━━ Data ━━

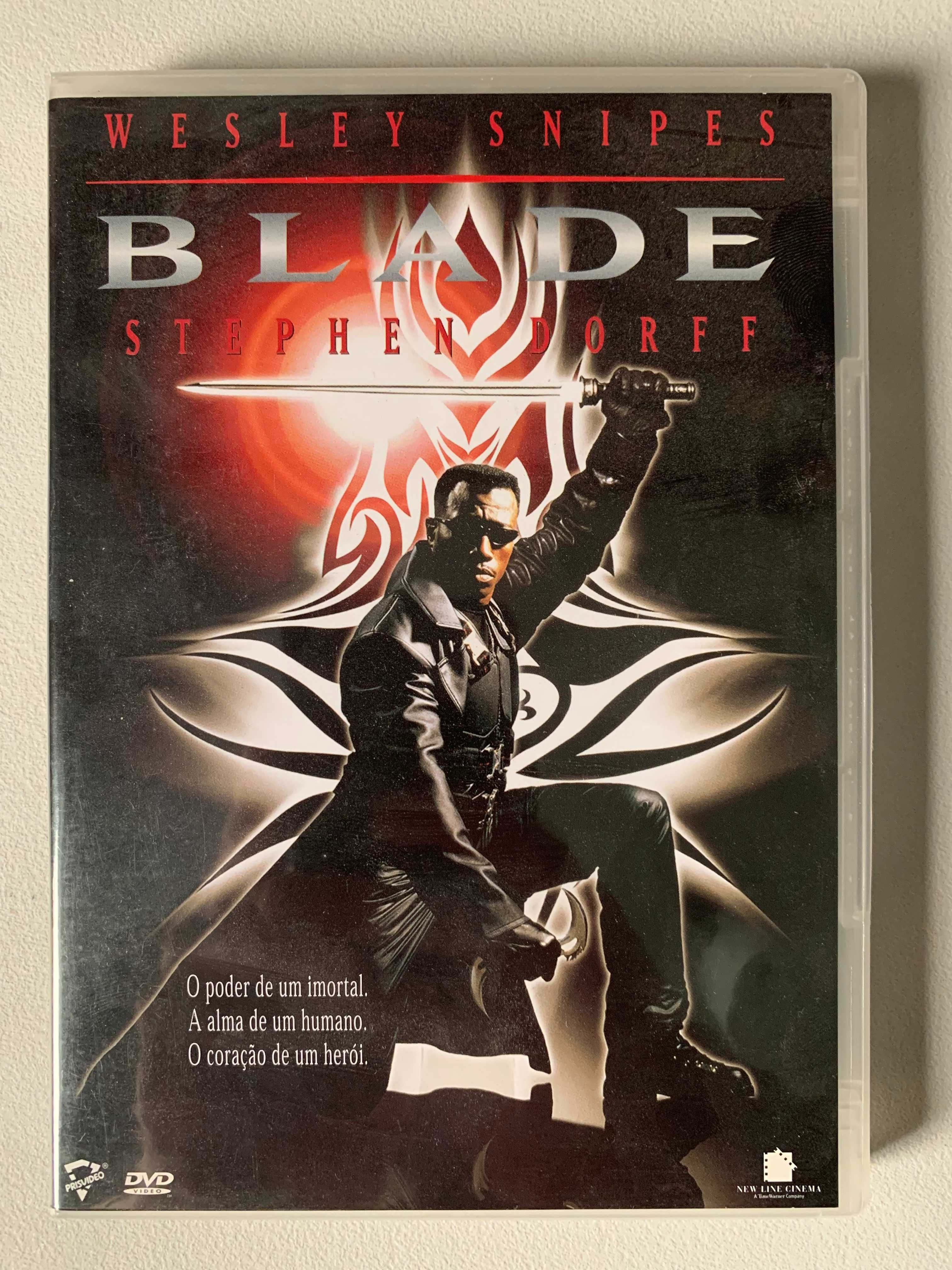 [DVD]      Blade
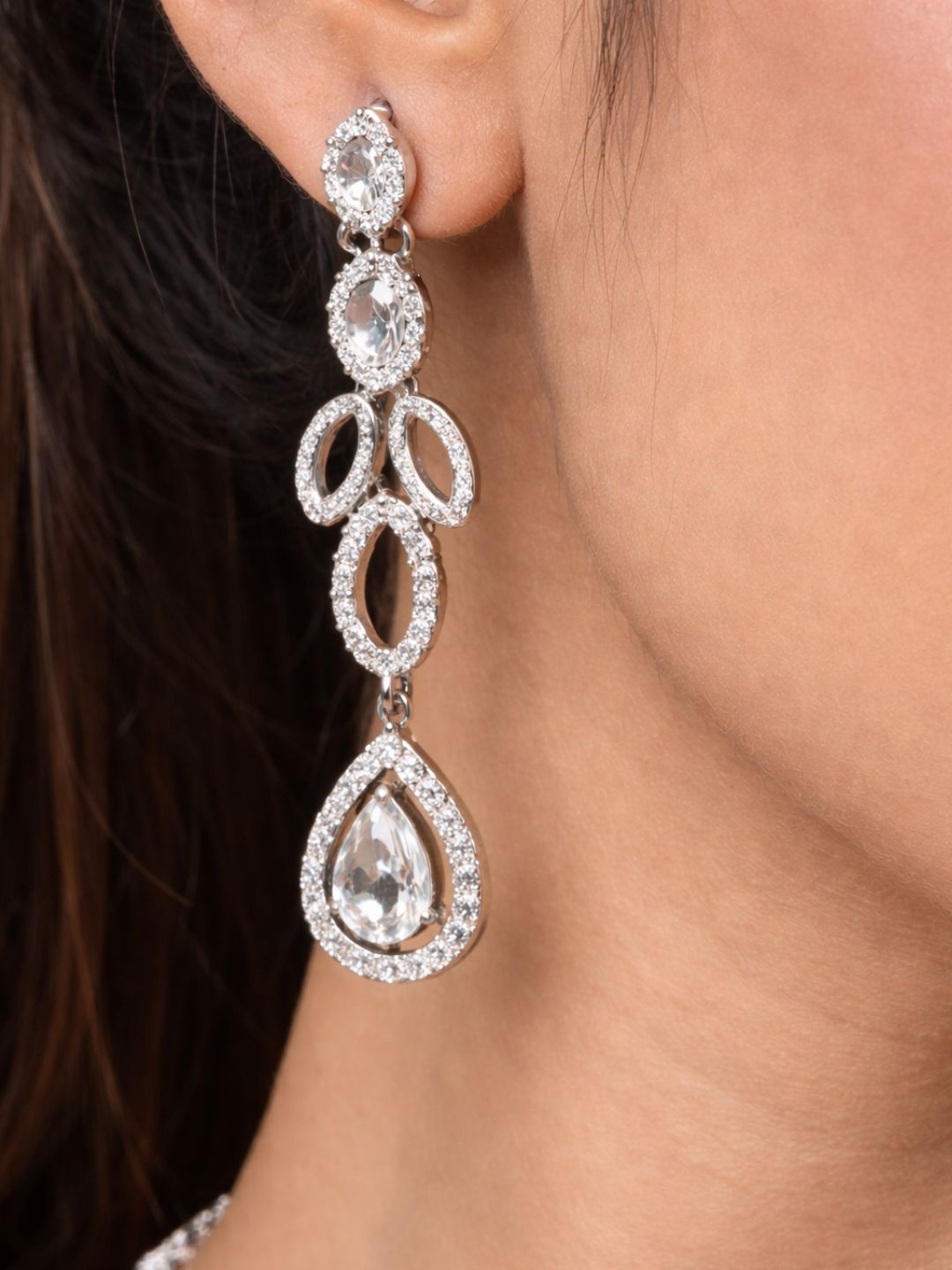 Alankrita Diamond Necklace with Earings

━━━
━━ Data ━━

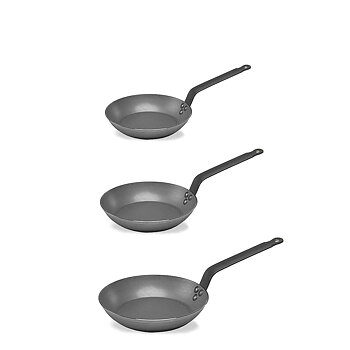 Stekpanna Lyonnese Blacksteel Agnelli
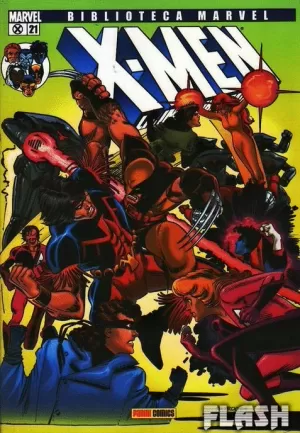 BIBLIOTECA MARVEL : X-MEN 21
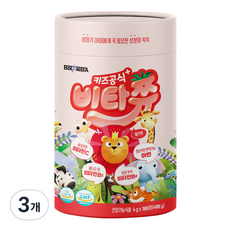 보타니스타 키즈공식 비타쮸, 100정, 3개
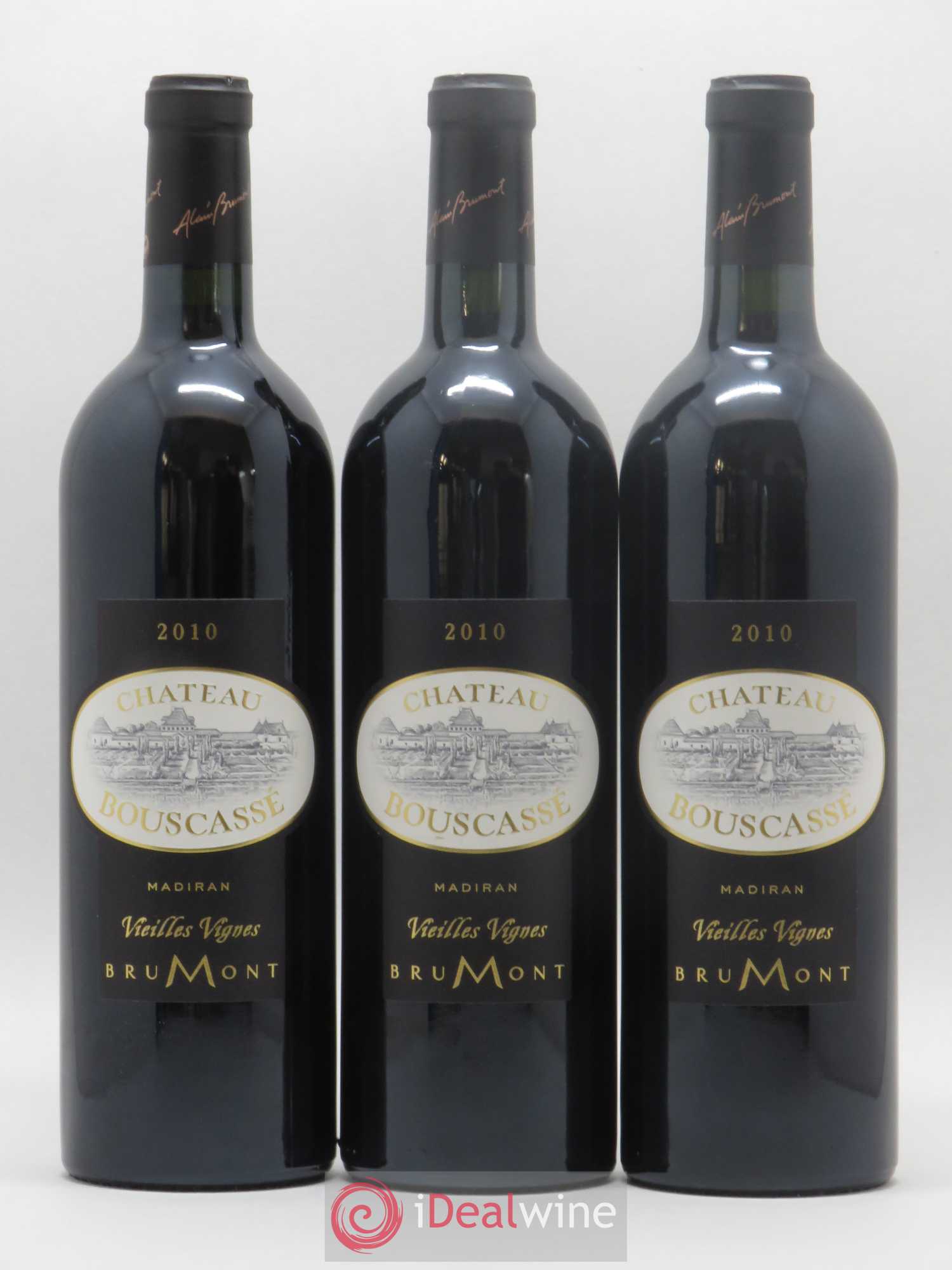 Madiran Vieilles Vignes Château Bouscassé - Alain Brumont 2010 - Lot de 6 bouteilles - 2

━━━

In the data above, the stretch from the line with "BIBLIOTECA MARVEL : X-MEN 21" through the line with "Madiran Vieilles Vignes" is to be returned exactly, minus any pictures.

§ Reply to the task
 BIBLIOTECA MARVEL : X-MEN 21
 보타니스타 키즈공식 비타쮸, 100정, 3개
 Madiran Vieilles Vignes Château Bouscassé - Alain Brumont 2010 - Lot de 6 bouteilles - 2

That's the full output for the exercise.